Amshaker commented 8 months ago

Thank you for the update.

Could you kindly conduct benchmark tests for both (MobileViT or MobileViT2×1) in addition to EfficientFormer_L1? I understand that we may not achieve the exact performance on the S23 (Ultra) as observed on the iPhone 14 (Pro Max) due to variations in hardware.

Please note that EfficientFormer_L1 has demonstrated comparable speed to SwiftFormer_L1 on the iPhone 14 (Pro Max). If you manage to replicate EfficientFormer_L1 on the S23 Ultra with a runtime of 2.63 msec, it suggests that the ANE of the iPhone 14 Pro Max is faster than the GPU or ANE on the S23 Ultra. If EfficientFormer_L1 significantly outperforms SwiftFormer_L1, it may indicate that the activations, normalization, and certain layers of SwiftFormer_L1 are not optimized for the S23 Ultra. This could mean that SwiftFormer requires additional optimization for optimal performance on this hardware.

I would appreciate your thoughts on this proposed plan.

Thank you.

escorciav commented 8 months ago

Agree, SwiftFormer_L1 (PytTorch implementation) + QNN 2.16 (+ my way of porting) may be leaving room for optimization.

:wink: I will leave it to someone else as:

  1. I'm kinda happy with the runtime,
  2. I'm not interested in the architectures mentioned above atm :laughing:
  3. Qualcomm does not pay my bills :upside_down_face: ( for optimizing 3rdparty models on their hardware)

Perhaps add/edit your message with the relevant links for those arch :blush:

Amshaker commented 8 months ago

I can do that soon and will update you 😄

I would be grateful if you could provide details on the steps or requirements involved in measuring the inference time on the S23 Ultra. For iOS, Apple has introduced a valuable feature in their IDE (Xcode 14) that allows for the measurement of prediction time, load time, and compilation time. Could you please share this information or update the forked repository with these specific details on Android? I am following your repo and already checked the export file.

escorciav commented 8 months ago

There are multiple ways to port a ML model on Android :blush:. Feel free to rename the issue accordingly.
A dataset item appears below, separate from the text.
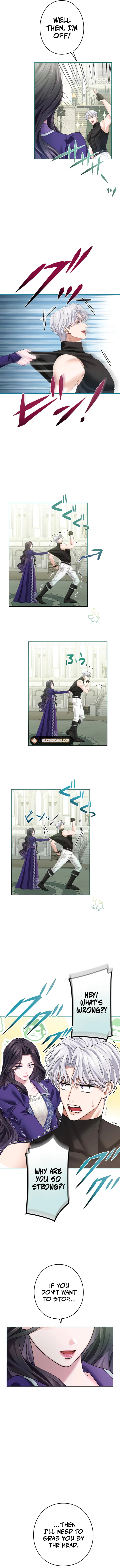 I Can’t Stop Doting the Empire’s Most Notorious Villainess! Chapter 8 - Page 2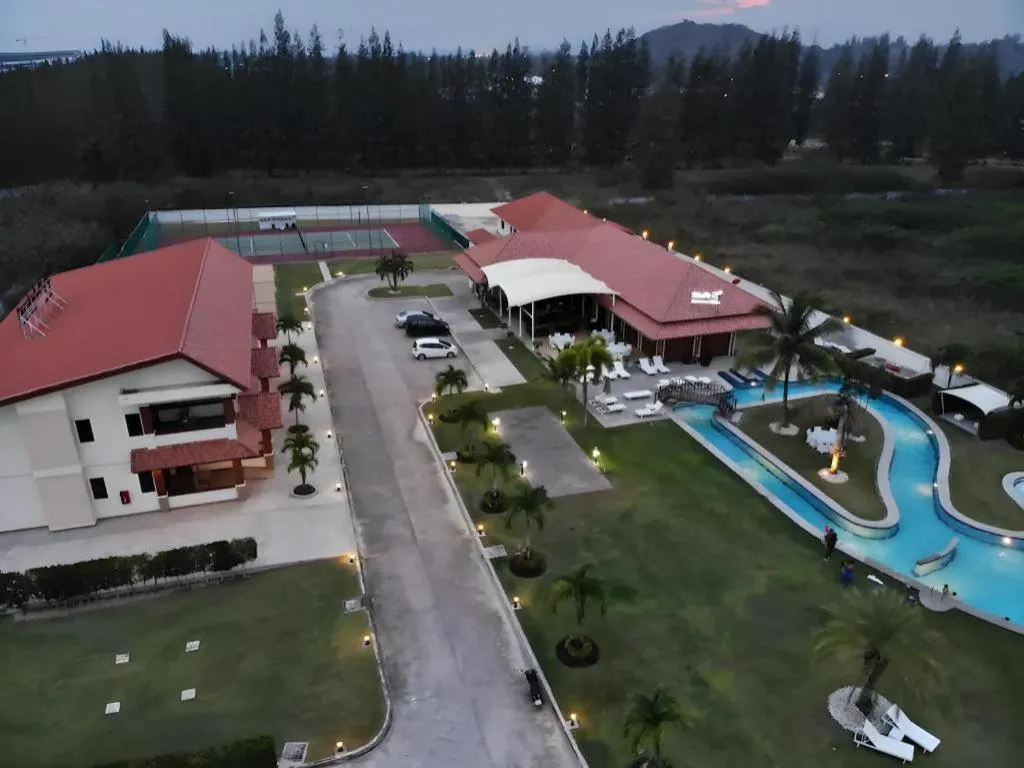 Thailand Resort Hotel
I wrote it in that way for marketing reasons :wink:

My approach is specific to Qualcomm hardware using QNN.

  1. My fork has the script used to export onto ONNX
  2. Then, it's just the QNN pipeline.
    1. conversion to cpp
    2. model library generation
    3. (optional, yet recommended for fast inference & speed up trials) context (aka npu/dsp/gpu) library generation
  3. profiling & execution of binaries from step 2

I'm preparing a tutorial for other folks in my org. I will share the slides later in Q1/Q2.

escorciav commented 8 months ago

Attaching the latency results,

The JSON files were generated with an internal/private tool. However, QNN docs provide all the info to parse the binary with the profiling results from step 3. The TXT-file was generated by a tiny wrapper digesting the JSON.

report_ops.txt model.iters-100.qnn.int8.json model.iters-100.qnn.int8_basic.json

escorciav commented 8 months ago

(perhaps) Good news, the latency of the block that I'm interested in improving got a speed-up of 1.27x by using QNN >= 2.17

With enough :star:s on my fork, I may be persuaded to benchmark SwiftFormer L1 :blush: :rofl:

Amshaker commented 8 months ago

That's great! 🚀 You have one star now, come on! 🤣

If you benchmarked SwiftFormer models (Let's say L1), we can do a pull request and I will add you as a contributor to the main repo with a special shoutout in the acknowledgments 👀. Isn't it a good deal? 🤣

escorciav commented 8 months ago

Push latency performance of SwiftFormerL1 with QNN 2.17 & 2.18. Improvement is as much 1.16x

we can do a pull request and I will add you as a contributor to the main repo with a special shoutout in the acknowledgments 👀. Isn't it a good deal?

Done with 80% of my duties. Awaiting instruction for the 20% & collecting the brownie points mentioned earlier :cookie:

Amshaker commented 8 months ago

You have my word on it 💯. Here we go!

Please create a pull request to the readme file of the main repo with the following change: Create a new sub-section under "Latency Measurement" named as SwiftFormer meets Android (I liked the name). With this section, you can add the two tables (SwiftFormer Encoder & SwiftFormer-L1) for the latency measurements with the variants of QNN (Feel free to add the scripts as well). Then, I will check & merge the pull request and you will automatically added as a contributor! 🚀. Following this, I'll update the acknowledgment, earning you a well-deserved second brownie 🍪

escorciav commented 8 months ago

Thanks for merging 🥰. Let's keep the issue for 6-12 months in case someone else is interested in improving runtime performance, or exploring other porting avenue for Android 😉